─── Supplied information

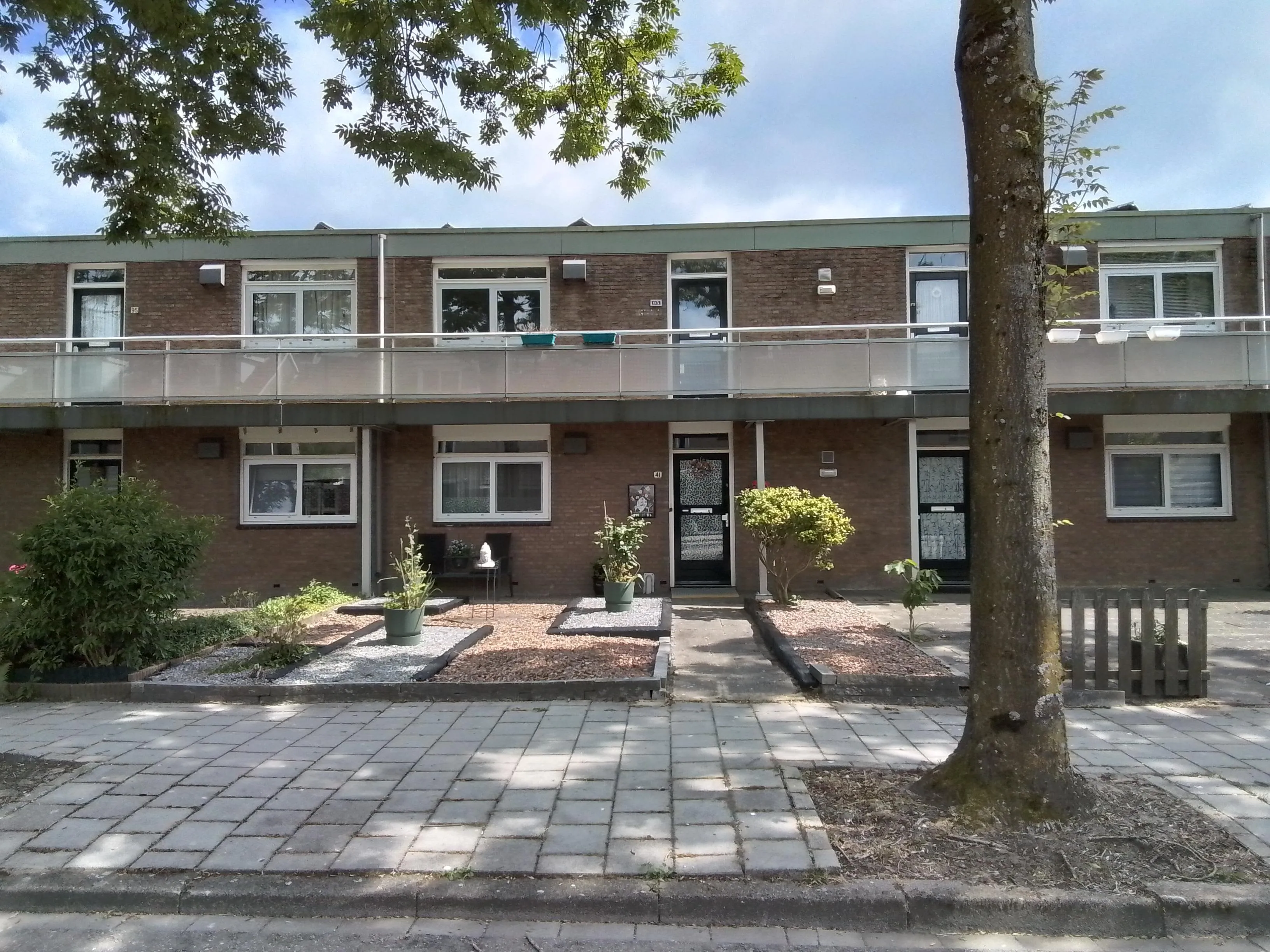 Nauerna 93 1161DR Zwanenburg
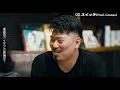 梅田サイファー - スイッチ [Interview] (ALBUM "Unfold Collective")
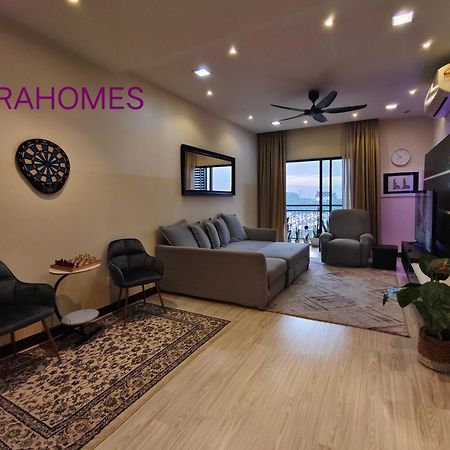 Enarahomes Shah Alam Dış mekan fotoğraf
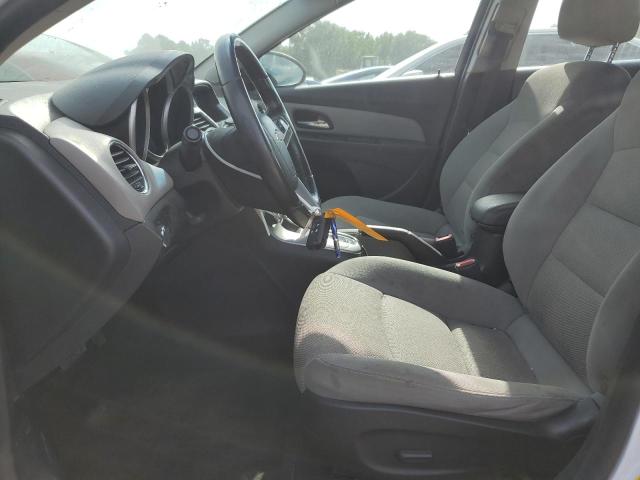 Photo 6 VIN: 1G1PC5SB0E7383477 - CHEVROLET CRUZE LT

──────

Task objective.
Please, leaving out all pictures, transcribe exactly the lines above from the one containing "Enarahomes Shah Alam Dış mekan fotoğraf" through the final line, both included.

Solution to this problem.
 Enarahomes Shah Alam Dış mekan fotoğraf
 Photo 6 VIN: 1G1PC5SB0E7383477 - CHEVROLET CRUZE LT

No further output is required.